2023-03-21 10:41:03 | 映画

大阪ではレイトショーで1週間のみの限定上映。どうしようかと思ったけど、無理して見に行くことにした。なんか怖いけど面白そうなのでチャレンジしてみたのだ。でも失敗。残念な映画だった。無駄な時間だった。悔しい。発想の面白さを活かしきれない。思いつきの域を出てない。「まだ存在しない映画の予告編」を審査する映像コンテスト「未完成映画予告編大賞 MI-CAN3.5 復活祭」の最優秀作品を映画化した作品だから思いつきは興味深いのだが、それを生かし切る力量は(まだ)ない。監督は新人の草苅勲。これが劇場用長編のデビュー作となる。
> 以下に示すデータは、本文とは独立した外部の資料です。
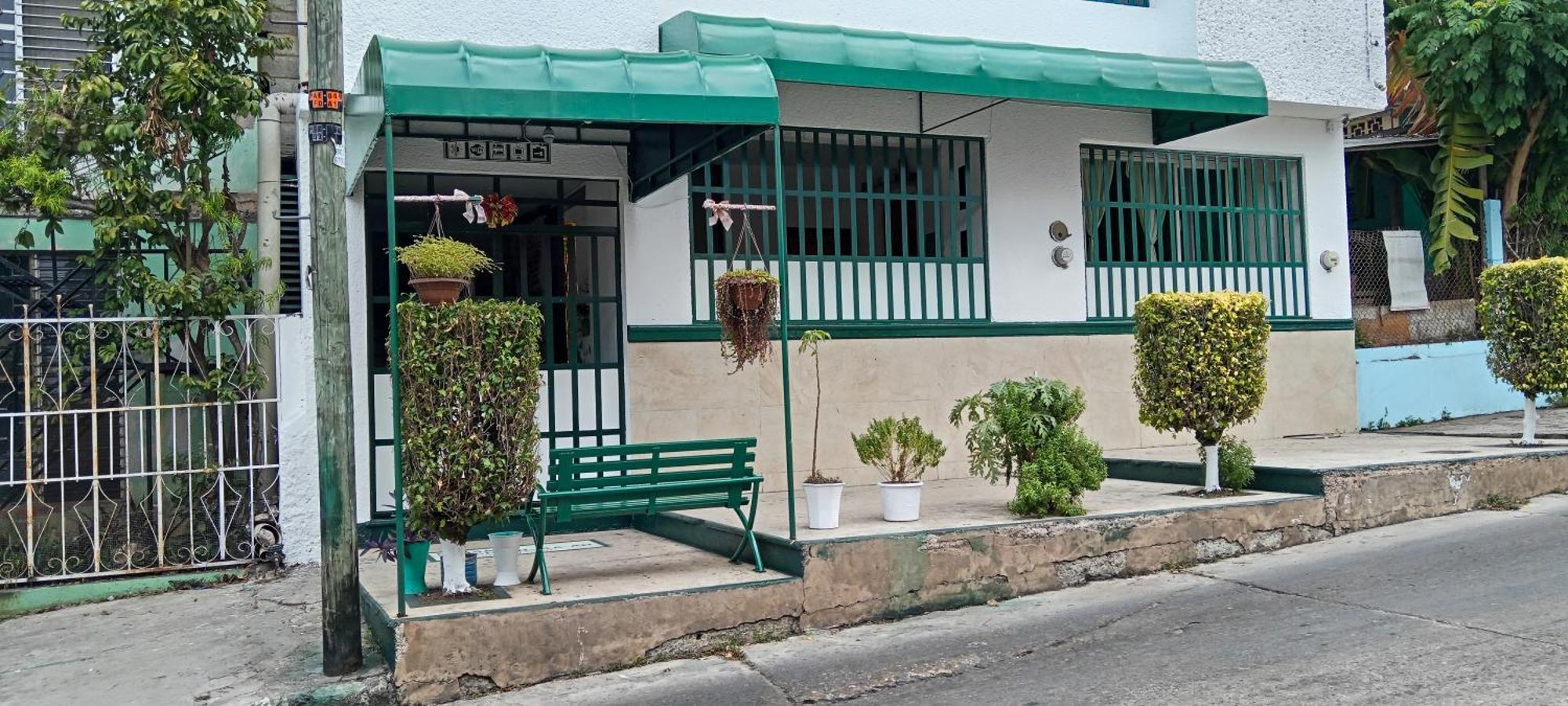 Posada Nacha'N - Ka'An Palenque Buitenkant foto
主人公は小劇場演劇出身の売れない役者(奥野瑛太)。映画やドラマで死体を演じて機会を待つが、浮かび上がる機会は訪れない。以前は座長として劇団を率いて作、演出、役者を兼ねていた。でも今は鳴かず飛ばず。そんな彼とミュージシャン崩れのダメ男を信じて貢ぐデリバリ嬢(唐田えりか)。このふたりの関係を通して彼らが少しずつ成長していく姿を描く映画(のはず)。
 
どうしてこのふたりが、こんなふうに淡く細くつながっていくのか。そこに説得力があればこの映画はそれなりには成功したのだが、ダメだった。これでは納得がいかない。しかもあのラストの狂言殺人なんて、なんかまるで意味ないし。ふたりの関係性をうまく描くことがお話の要だ。デリケートな問題だがそこさえクリアできたならこれはかなりの映画になっただろう。唐田えりかがあんなにいいのに、悔しい。
 
表面上は笑える映画でもいいのだが、その着地点を上手くコントロールしてちゃんと感動につなげて欲しいのだ。だか、無理だった。死体専門の役者という設定自体にも無理があるけど、そこには目をつぶっていい。それ以外の部分に説得力があれば乗り切れたのだが、ない。だから、映画全体が嘘くさくなる。せっかくの唐田えりかがこれでは生かされない。彼女の天真爛漫と、だからこそのバカさ加減が重なることで、うまく機能したならよかったのだが、それもない。ブラックコメディなんていうような斜に構えた微妙なラインではなく、本気のラブストーリーでいいのだ。
 
恋人もいて妊娠しているデリバリ嬢に恋して、彼女を守ることで自分自身も成長していく。それでいいではないか。同時に母親の死という大きな痛みを抱えて、それもまた成長のきっかけになる。いささかご都合主義だが、それはそれでいい。彼の想いがちゃんと伝わるように描けたならそれなりにいい映画にもなったはずだ。当然のことだが、映画は難しい。